**Data shown**
-----
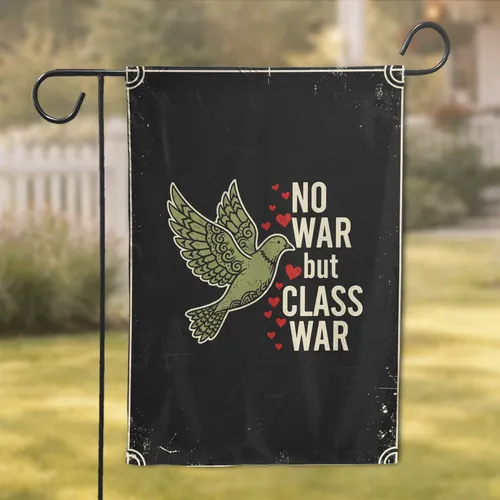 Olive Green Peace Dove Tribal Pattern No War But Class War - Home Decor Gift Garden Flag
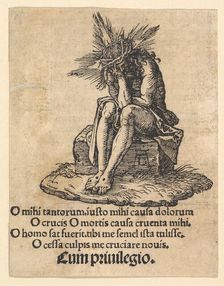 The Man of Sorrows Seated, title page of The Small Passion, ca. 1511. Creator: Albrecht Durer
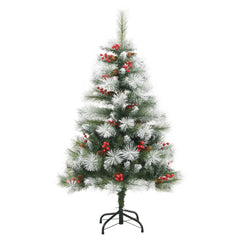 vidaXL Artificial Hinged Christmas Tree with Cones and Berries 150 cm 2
-----
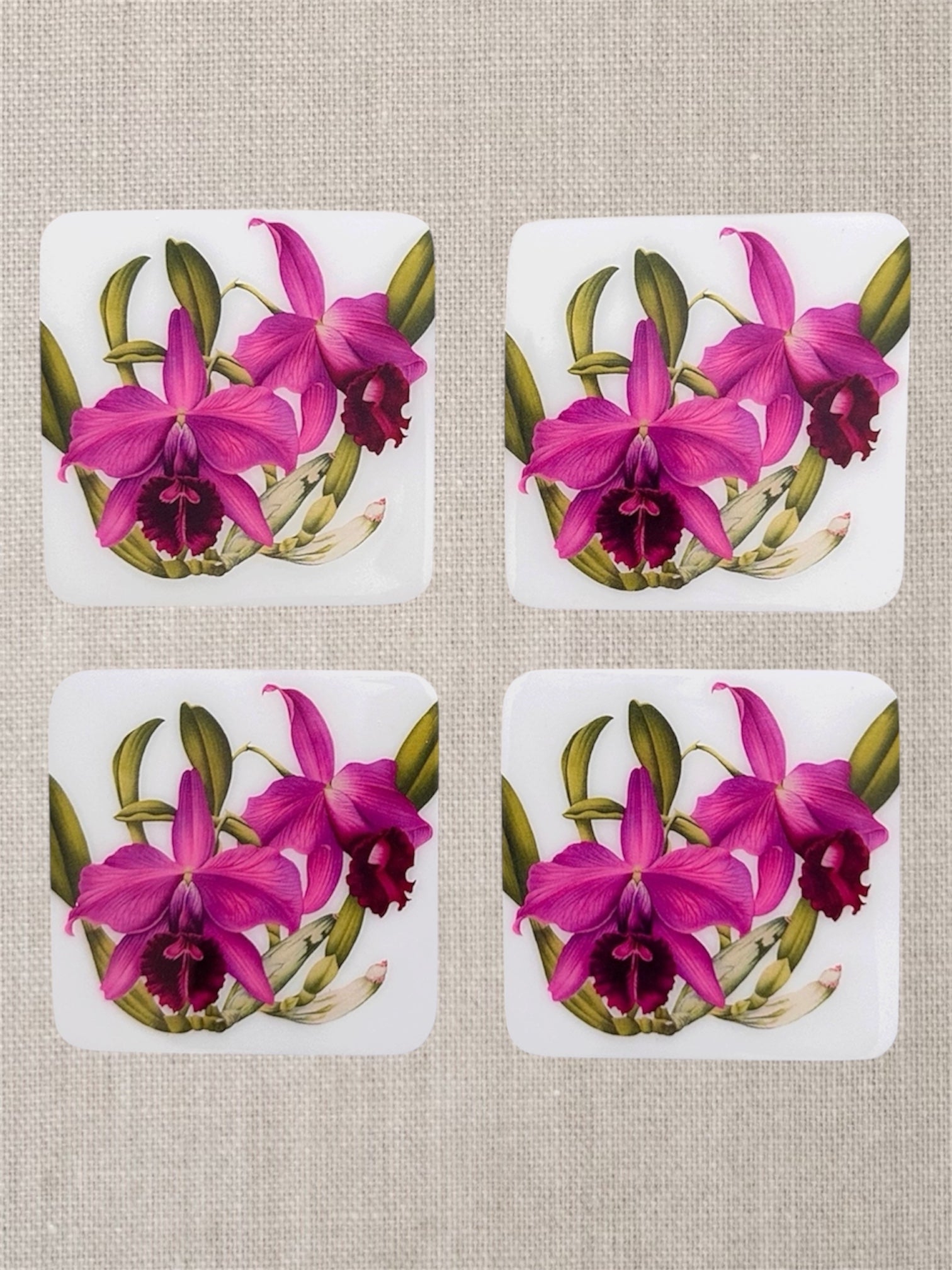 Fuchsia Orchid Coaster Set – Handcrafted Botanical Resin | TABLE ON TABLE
-----
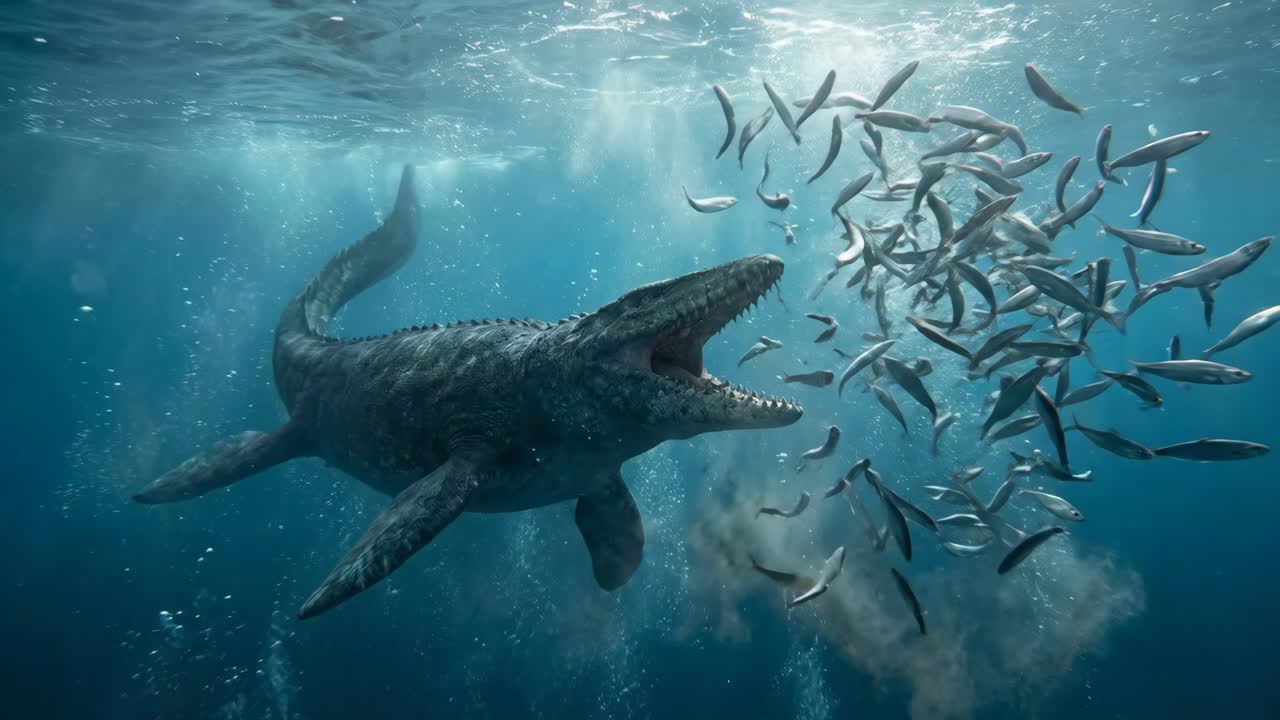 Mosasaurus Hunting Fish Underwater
-----
Once the line with "The Man of Sorrows" is found above, transcribe each line from it through the line with "vidaXL Artificial Hinged", exactly, and omit the pictures.

 The Man of Sorrows Seated, title page of The Small Passion, ca. 1511. Creator: Albrecht Durer
 vidaXL Artificial Hinged Christmas Tree with Cones and Berries 150 cm 2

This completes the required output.